Begs the Question
Being a philosophy professor, I find it vaguely annoying when people write or say things like “Referendum begs the question of our future in EU” or “Rolex ad on Newsweek site begs the question how big is too big.”
When people use “begs the question” in this manner, they actually mean “asks the question” or “raises the question.”However, the term “beg the question” already has an established usage as the name of a logical fallacy.
To beg the question is a logical fallacy that involves assuming what is to be proven. For example, if someone says “cheating on a test is wrong because it is wrongfully taking a test”, then he is begging the question. In effect, the person is saying “the reason cheating on a test is wrong is because it is wrong.”
One might wonder why this should be regarded as a problem. After all, it might be argued, people ought to be able to use words anyway they wish. If people use “beg the question” to mean “raises the question” then so be it.
While it is true that the meaning of terms is largely a matter of convention, it seems to make little sense to use “begs the question” to mean “asks the question.” After all, there are already perfectly good phrases to say “asks the question”, “raises the question” and so on.
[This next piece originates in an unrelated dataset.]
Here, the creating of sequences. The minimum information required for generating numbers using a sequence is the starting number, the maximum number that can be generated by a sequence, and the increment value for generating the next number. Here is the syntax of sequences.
There thus seems to be little need to steal “begs the question.”
Another problem is that the increasingly popular usage of the phrase creates some confusion. For example, when I teach about fallacies I have to explain that to beg the question is a fallacy and that when someone says “begs the question” they might mean “asks the question.” Obviously, this is not a big deal. But, teaching logic is challenging enough without having to sort out such confusions.